The world of carbon bike building revolves around the Far East, but Hampshire-based brand Dassi has grand ambitions to change that

Walking through an industrial estate in Banbury, Oxfordshire, there’s a sense of expectation in the air.

We’re here to visit the manufacturing facility for Dassi, a company that aims to make the first mass-production carbon frame in the UK, the first frame to use a material 300 times stronger than carbon and the first 3D-printed carbon bike components.

Nestled somewhere between a chocolate factory and a heavy tool factory, it’s not obvious which one of the dozen anonymous-looking warehouses is being used to achieve these various technological wonders.

Dassi’s production is currently handled by Brick Kiln Composites, a company more at home with F1 and aerospace components than bicycle frames.

The factory is just one part of the global hub of F1 businesses in Oxfordshire.

How exactly Dassi owner Stuart Abbott has turned its space-age tech towards the business of bike building is the question that has brought us here today.


I’ve barely spotted his Dassi-branded car before Abbott leaps out and excitedly shares his vision as he ushers me towards Brick Kiln’s building.

He’s partnered with numerous UK firms to produce his bikes, and this is the centrepiece.

One at a time

While we’ve seen some innovative and impressive UK-based carbon framebuilders, the complexities of the process has often meant production involves one man in a room crafting bespoke frames.

Dassi’s ambition is somewhat greater – a large-scale custom carbon project akin to Parlee and Alchemy in the US, and something never before done in the UK.

It’s a claim we felt had to be seen to be believed.

I’ve had to submit my passport in advance as the factory deals with secretive carbon projects and visitors have to be appropriately vetted.

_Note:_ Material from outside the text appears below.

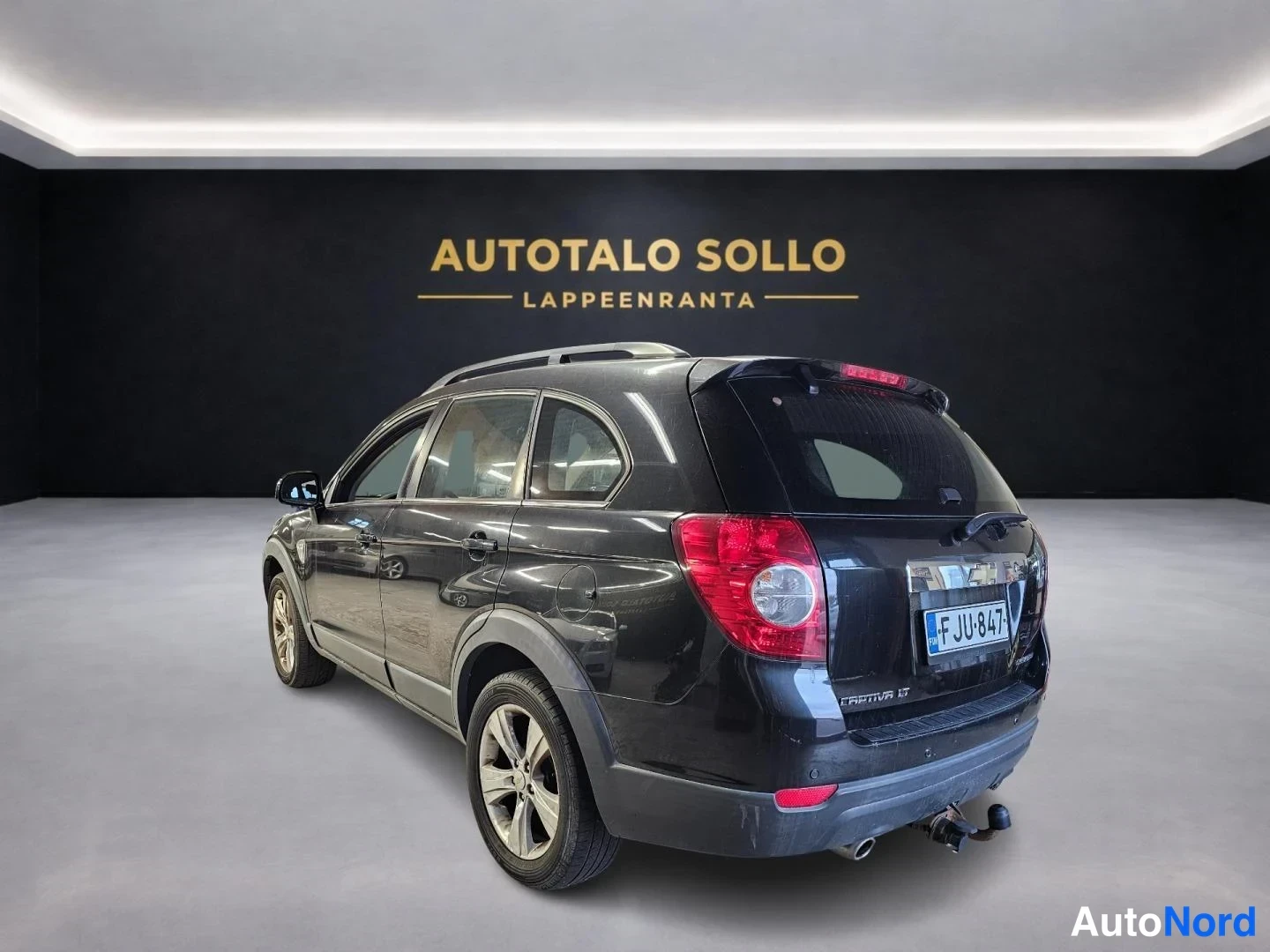 Musta Chevrolet Captiva 2010, takaviisto, kuva 4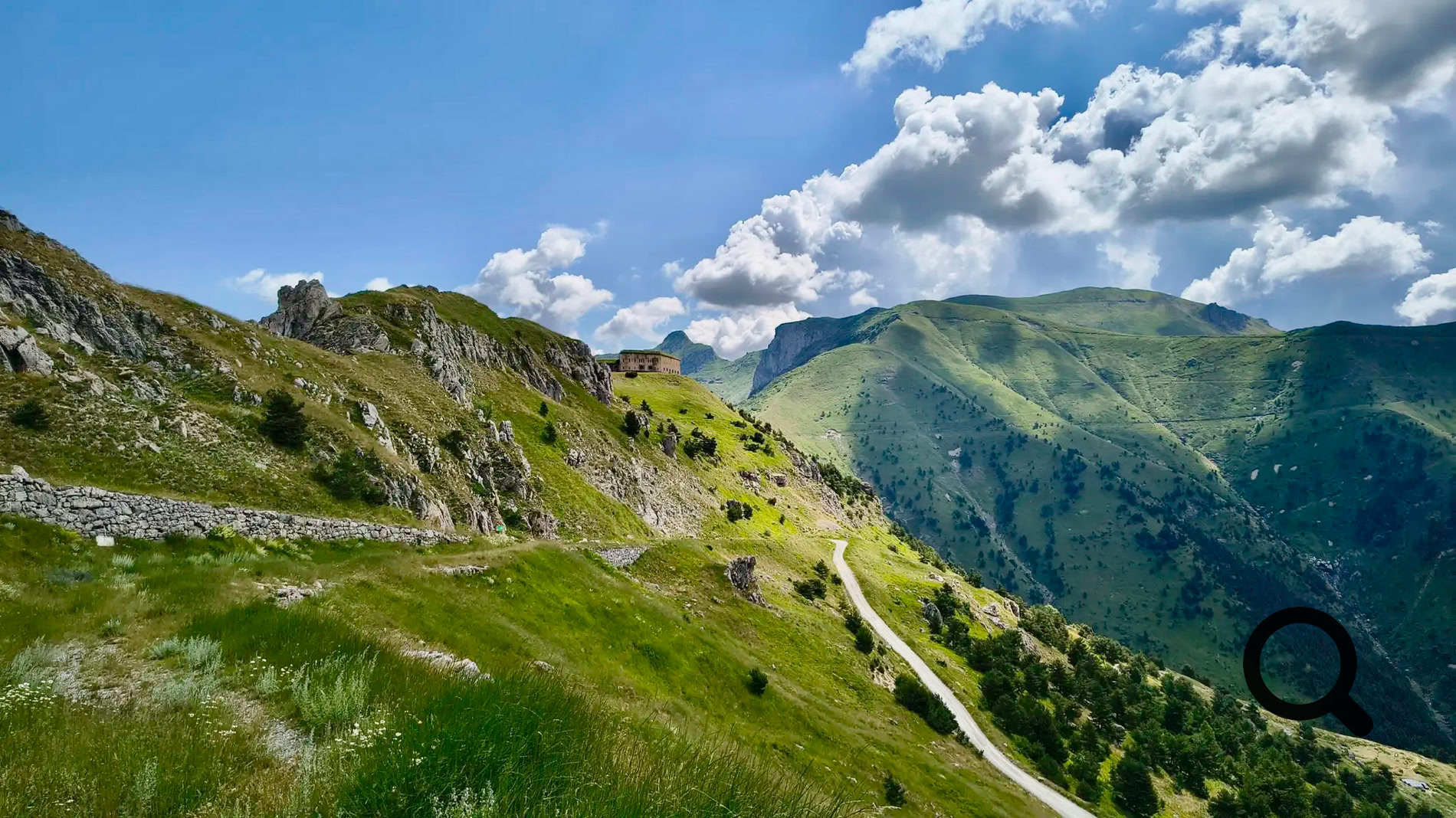 Le Col de Tende, l'un des plus anciens passages alpins entre la France et l'Italie.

Now I’m here it seems somewhat understated – a standard redbrick building in a nondescript industrial park. Inside, though, is a different world altogether.

The engine room

Nick Brew, production manager at Brick Kiln Composites, talks me through the process of building a Dassi frame, but unfortunately he won’t be able to show me a finished product.

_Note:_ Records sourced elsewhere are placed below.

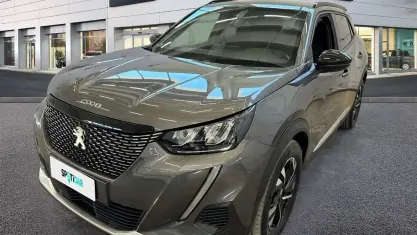 Usata Peugeot 2008 Allure 131 CV (96 kW) 2023 Grigio SUV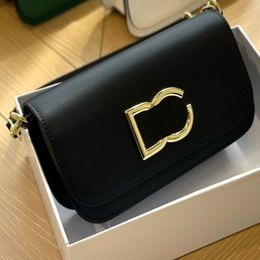 Fashion Designer bag Elegant, vivid and varied handbag modern modern shape size22X11CM Hand-held crossbody bag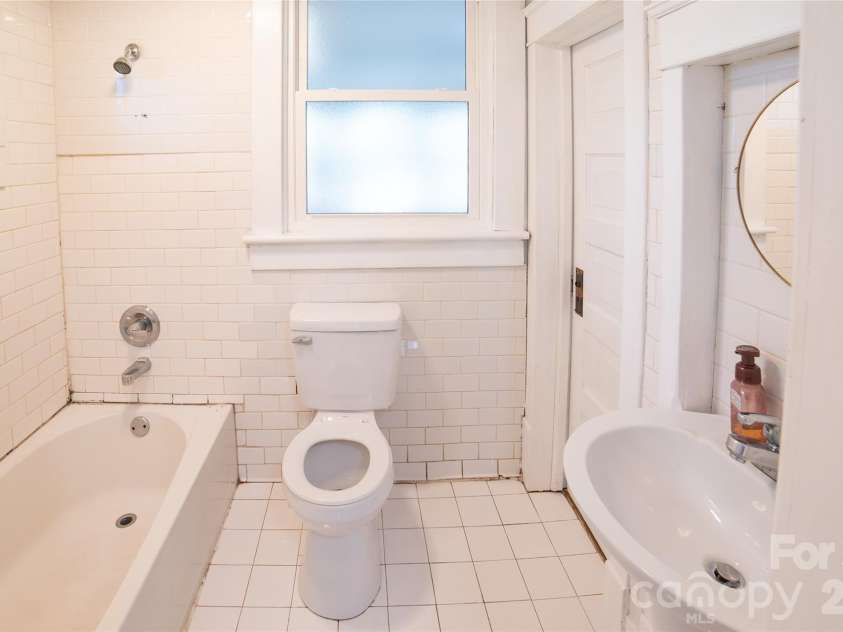 303 Bouchelle Street, Morganton, NC 28655.  MLS# CAR4407416, YatesRealty ID 40653. Bath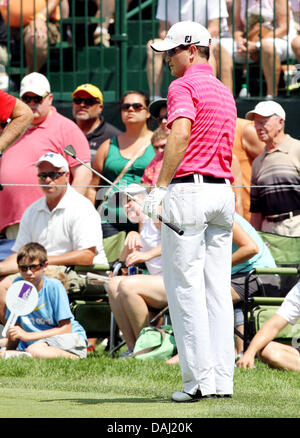 14. Juli 2013 reagiert - Silvis, ILLINOIS, USA - Zach Johnson auf seinen Putt auf dem 9. green während der Endrunde der John Deere Classic Golfturnier am TPC Deere Durchlauf in Silvis, Illinois Sonntag, 14. Juli 2013. (Kredit-Bild: © Kevin E. Schmidt/ZUMAPRESS.com) Stockfoto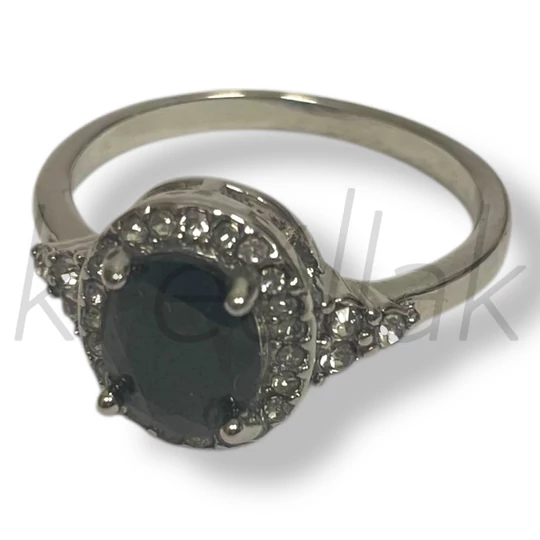 Fekete köves ezüst színű gyűrű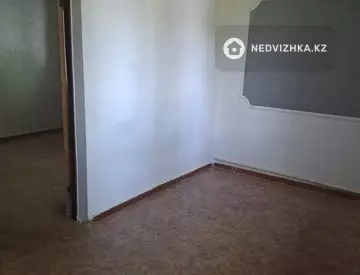 2-комнатная квартира, этаж 2 из 2, 40 м²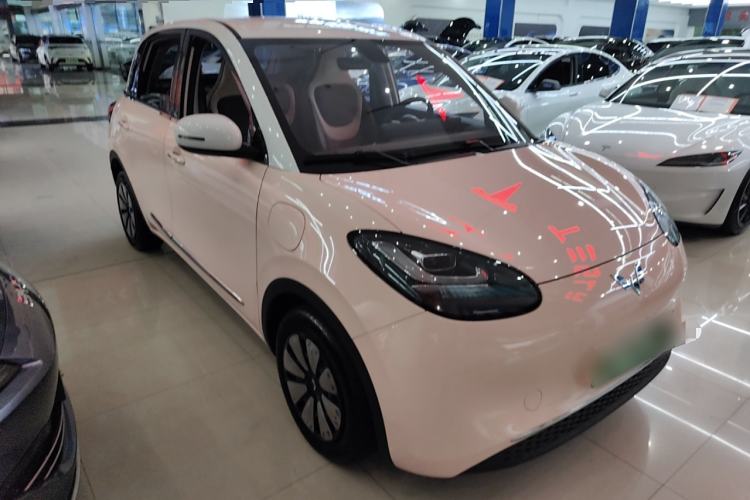 Used Wuling Bingo 2024 410 km Lingxi Deluxe Edition Front Right 45 Deg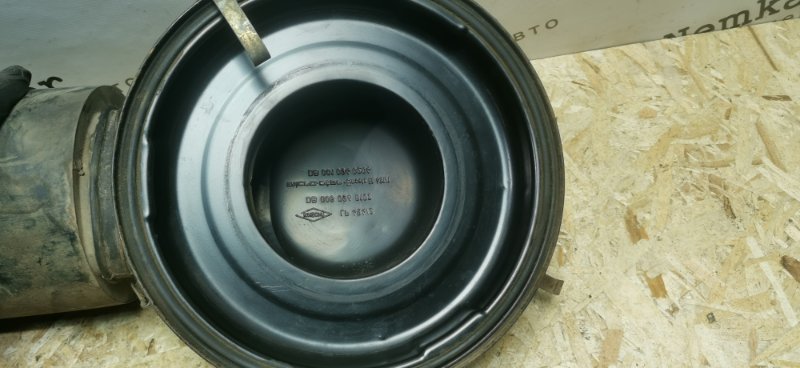 Корпус воздушного фильтра Mercedes-Benz 220 1975 W115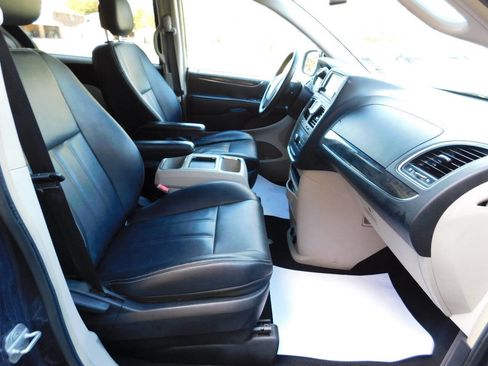 Used 2014 Chrysler Town & Country Touring image 21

‘Making a frame takes two or three days, and today we’ll be staging certain parts of the process,’ he says.

Brick Kiln deals with aerospace, F1, and defence projects in carbon, making it a secure site.

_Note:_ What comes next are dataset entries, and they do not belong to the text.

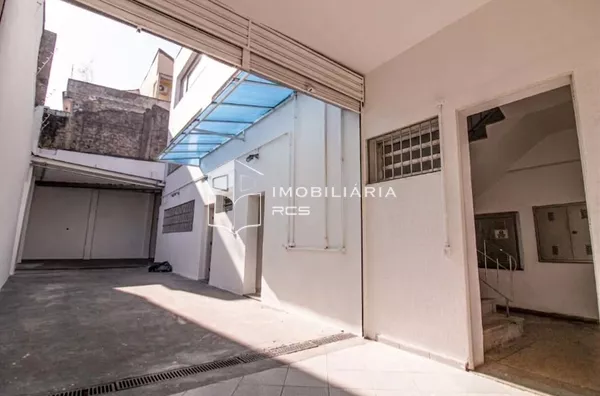 Galpão Comercial Amplo para Locação na Vila Leopoldina - 682m²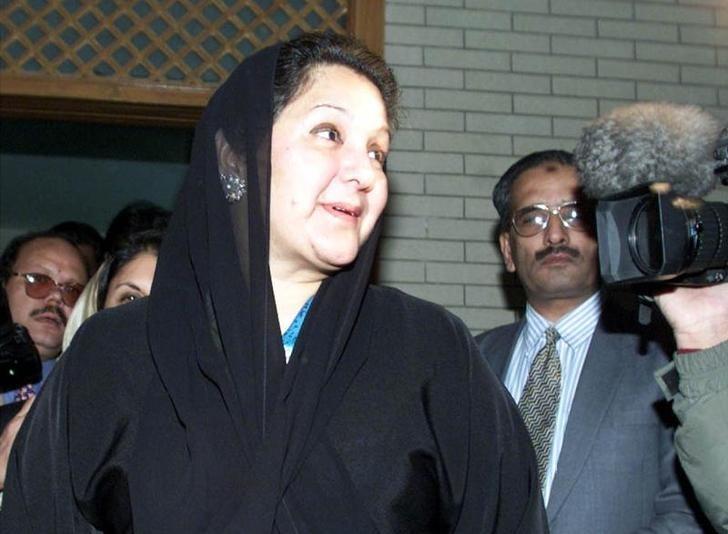 In this file photo, Kulsoom Nawaz, wife of Nawaz Sharif, leaves her Islamabad residence prior to departing the country December 10, 2000. PHOTO: REUTERS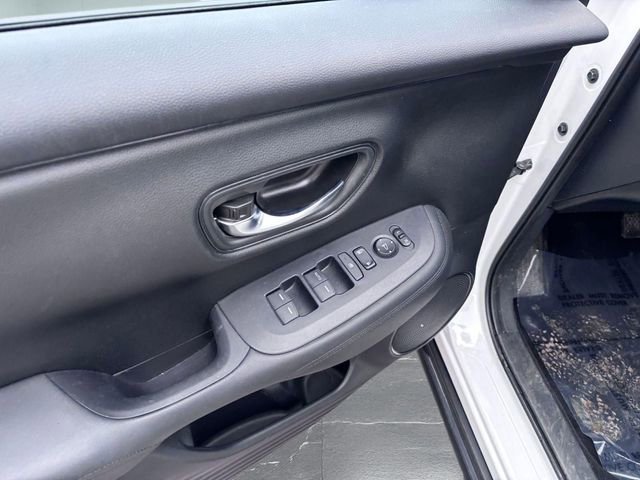 Used 2024 Honda HR-V LX image 13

We’re not allowed to photograph much and it’s little wonder – it looks like a cross between a laboratory and space station, and it’s quite striking that Abbott will be able to command its resources ahead of high-profile F1 and aerospace projects.

‘Dassi is going to be quite a big part of what we do,’ says Brew.

‘In the layup room alone we’ll probably end up having four guys working on bikes. It’s a totally different budget, though.’

Race against time

While the costs and fees may be greater for the likes of F1 teams or aerospace companies, that’s largely as a result of the extreme time demands.

‘F1 want it there and then that day, whereas we get a bit more time with this sort of thing. F1 has always been aggressive.

The price they pay for it is because they want it to go straight through inspection and onto the car so they pay a premium rate for a premium part.

Although Dassi is getting a premium part, the lead time is much longer. Rather than a four to five-day lead time on car parts, Dassi has a four to five-week lead time on most bikes.’

The process is very different from what we’re used to with bike construction, which is usually done in the Far East using a hot press moulding process and internal mandrels to shape the frame.

Here at Brick Kiln, the moulds themselves are carbon, and the bike is formed in an enormous autoclave. How did Dassi find its way here?

Homeward bound

Stuart Abbott founded Dassi in 2012 with a focus on British manufacturing, but until very recently his dream hung ever so slightly out of reach.

With a background working for Rolls-Royce, and having done a stint as a management consultant, Abbott felt the time was ripe to create a new bike brand, based in Britain, manufactured in Britain and sold in Britain.

‘We have a unique environment in the UK,’ he says. ‘We have an awful lot of aerospace industries here, and about 70% of the F1 industry is also based here. Why the hell do we have to go anywhere else to produce leading technology?’


His initial dabblings in cycling were based, as most are, in Taiwan.

‘I got a number of frames from the Far East and cut them in half to understand how they’d gone about making them. I picked one design I liked based on various requirements I had set,’ Abbott says.

‘I made a few design changes to make it our own, and that became the Dassi variant.’

The variant was similar in look to a popular open-mould Taiwanese offering, but Abbott claims he tweaked the design to improve aerodynamics and structural performance.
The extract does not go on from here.